First the good news: fewer companies are carrying around the burden of a going-concern qualification. Based on regulatory filings as of May 31, research firm Audit Analytics predicts that a total of 2,875 companies will report that their auditors expressed doubts about their viability for their 2010 financial reports. That would be a slight decrease from the previous year and a 13.6% fall from the peak number of qualified audit opinions made in 2008. “Companies are getting out of this bad cycle,” says Don Whalen, director of research at Audit Analytics, which looked only at companies registered with the Securities and Exchange Commission.
Now the bad news: the numbers are still high. And the drop in qualifications has more to do with companies dropping out of the public-company sector, being acquired, or — confirming their auditors’ predictions — going bankrupt. For example, of the 2,994 companies that filed a going-concern qualification in 2009, 172 terminated their SEC registrations
Fewer companies that filed a qualified audit opinion in 2010 were rejoining or were new to the group. In fact, the number of “new” going-concern qualifications has decreased every year since 2007 and has hit its lowest number for the past decade. Audit Analytics estimates that 28% of the companies with a going-concern qualification in 2010 did not have a qualified audit opinion in 2009. On the other hand, more than half of companies that filed a qualified audit opinion for their doubtful going-concern status in 2010 also did so in both 2008 and 2009.

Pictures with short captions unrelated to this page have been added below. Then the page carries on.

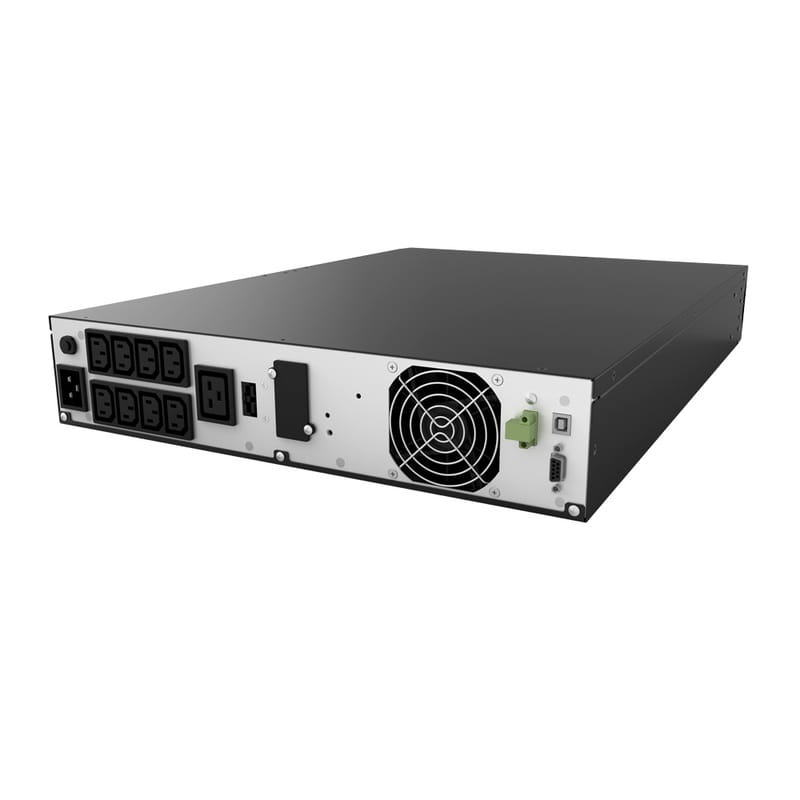 ИБП NJOY Aster 3K (UPCMCOP930HASCG01B), Online, 8 x IEC, USB, LCD, металл
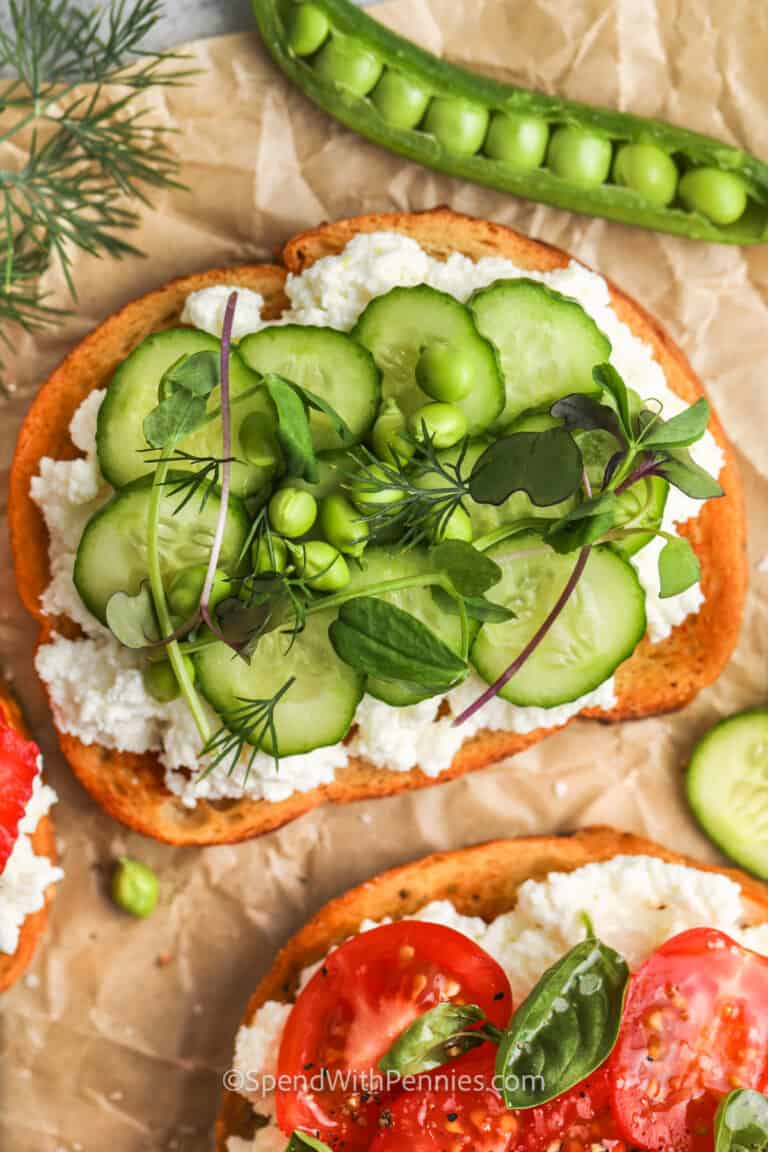 Simple Ricotta Toast Ricotta Toast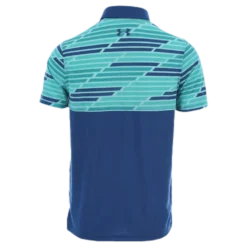 Threadborne Blocked Polo Blue/Patterned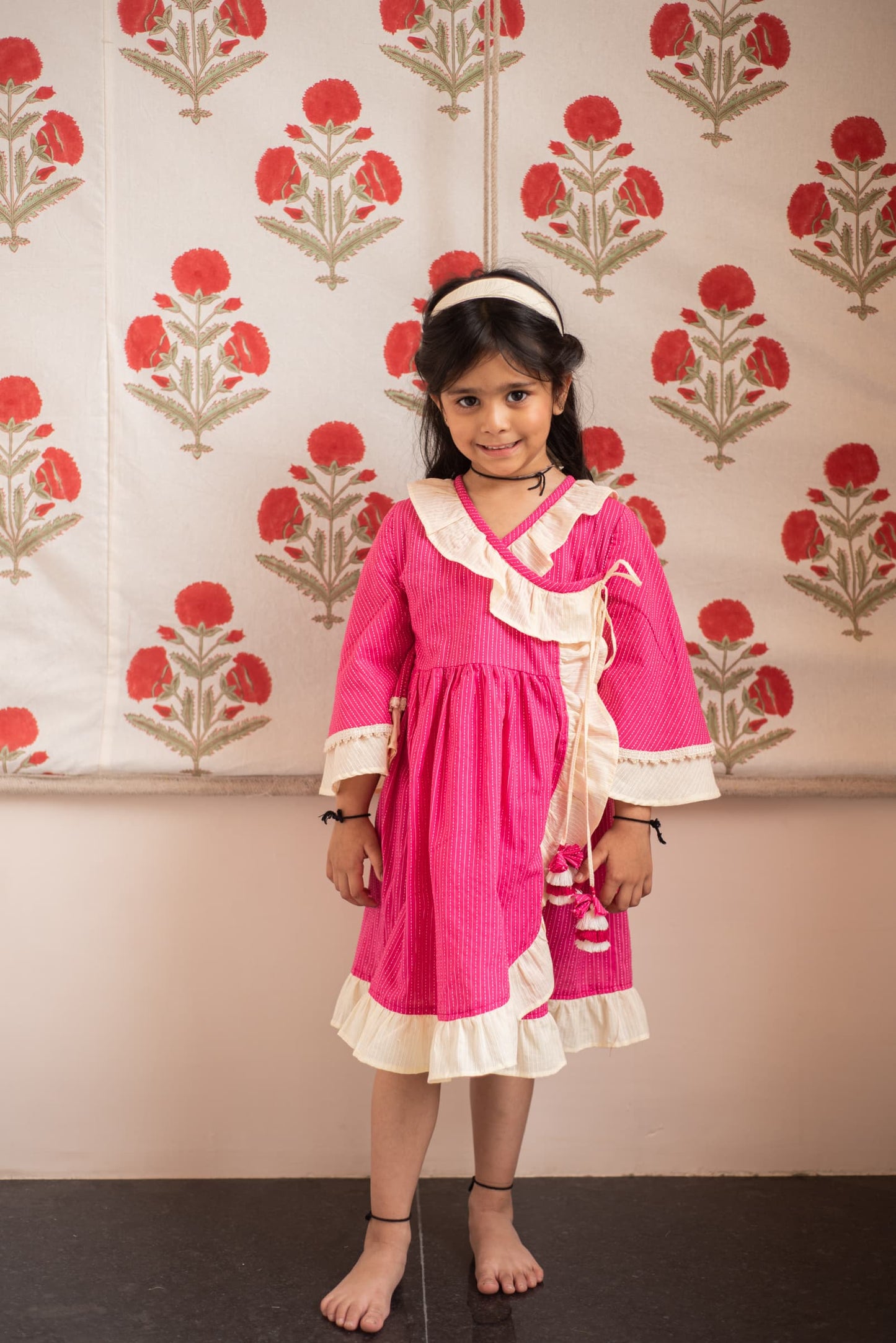 girls pink ruffle dress – Plumcheeks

Auditors consider several factors during their reviews that may lead them to predict a company’s demise is imminent. Among them: recurring operating losses, working capital deficiencies, loan defaults, unlikely prospects for more financing, and work stoppages. Auditors also consider external issues, such as legal proceedings and the loss of a key customer or supplier
Just over half of the qualified audit opinions made last year listed net operating loss as a reason for their doubts about their clients’ future. Other top reasons included the status of developing companies (mentioned in 1,027 of the opinions), working capital deficiencies (884), and net losses since inception (732).